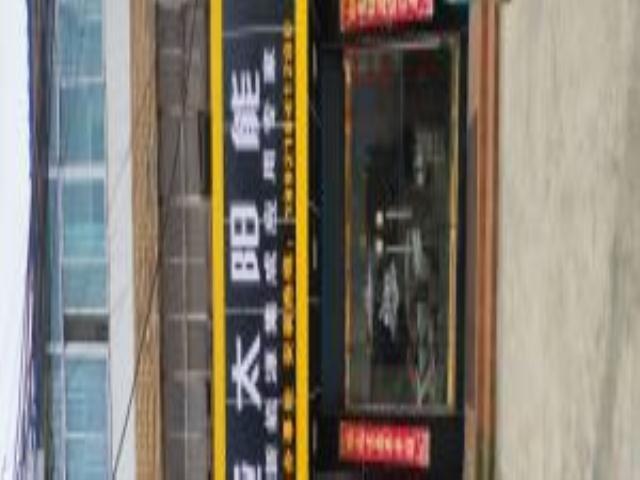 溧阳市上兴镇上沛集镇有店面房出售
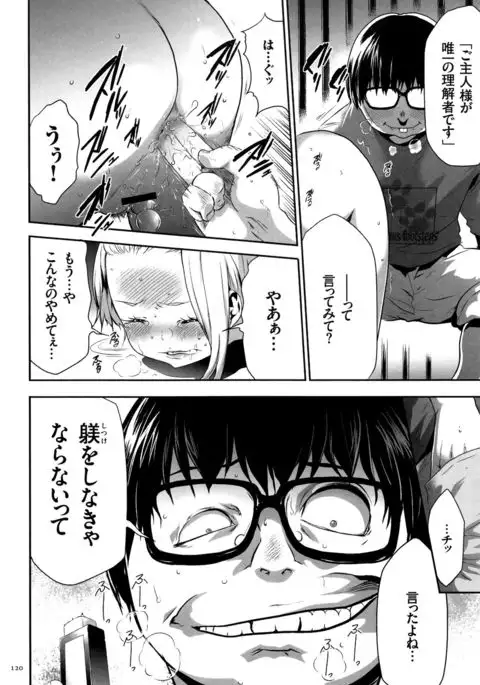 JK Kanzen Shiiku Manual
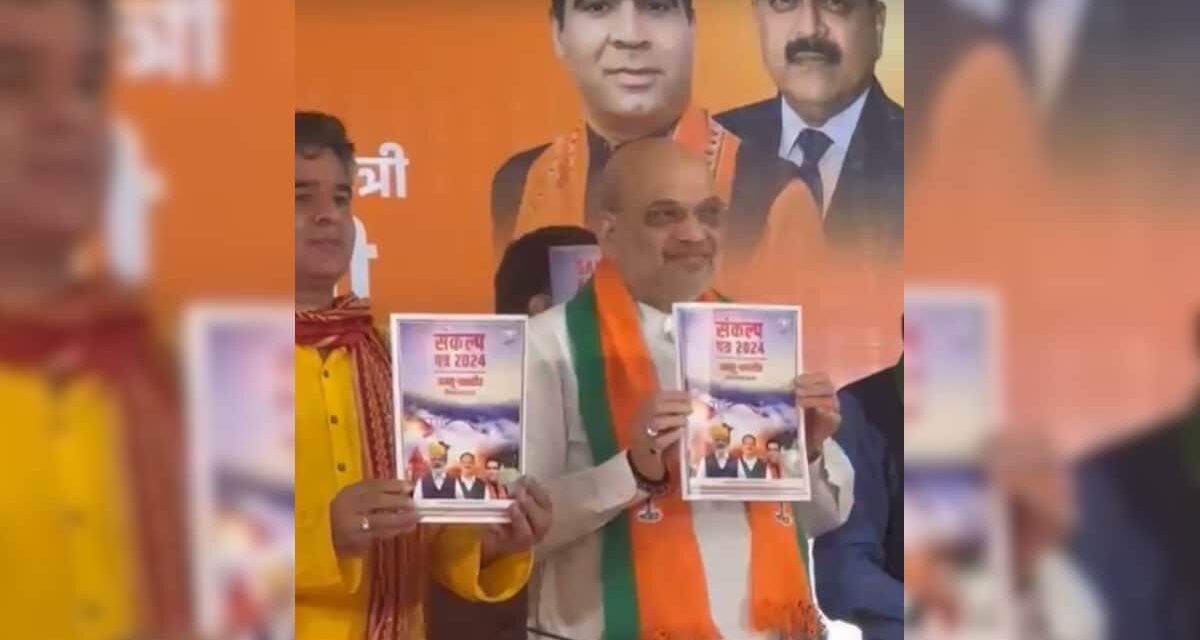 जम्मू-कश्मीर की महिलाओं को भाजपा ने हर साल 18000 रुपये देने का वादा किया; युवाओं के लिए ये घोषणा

...

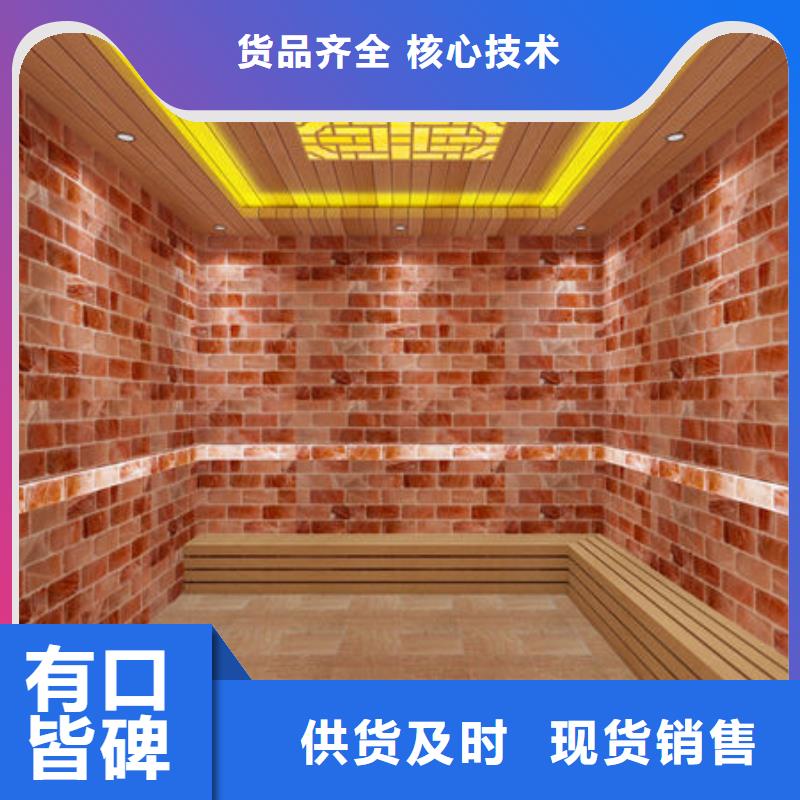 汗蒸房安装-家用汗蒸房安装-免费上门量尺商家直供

_REQUIRED WORK_: Range to copy from the records above: the line containing "溧阳市上兴镇上沛集镇有店面房出售" to the line containing "जम्मू-कश्मीर की महिलाओं", both included. Output those lines exactly and only those, skipping pictures.

_THE COMPLETED TASK_:
 溧阳市上兴镇上沛集镇有店面房出售
 JK Kanzen Shiiku Manual
 जम्मू-कश्मीर की महिलाओं को भाजपा ने हर साल 18000 रुपये देने का वादा किया; युवाओं के लिए ये घोषणा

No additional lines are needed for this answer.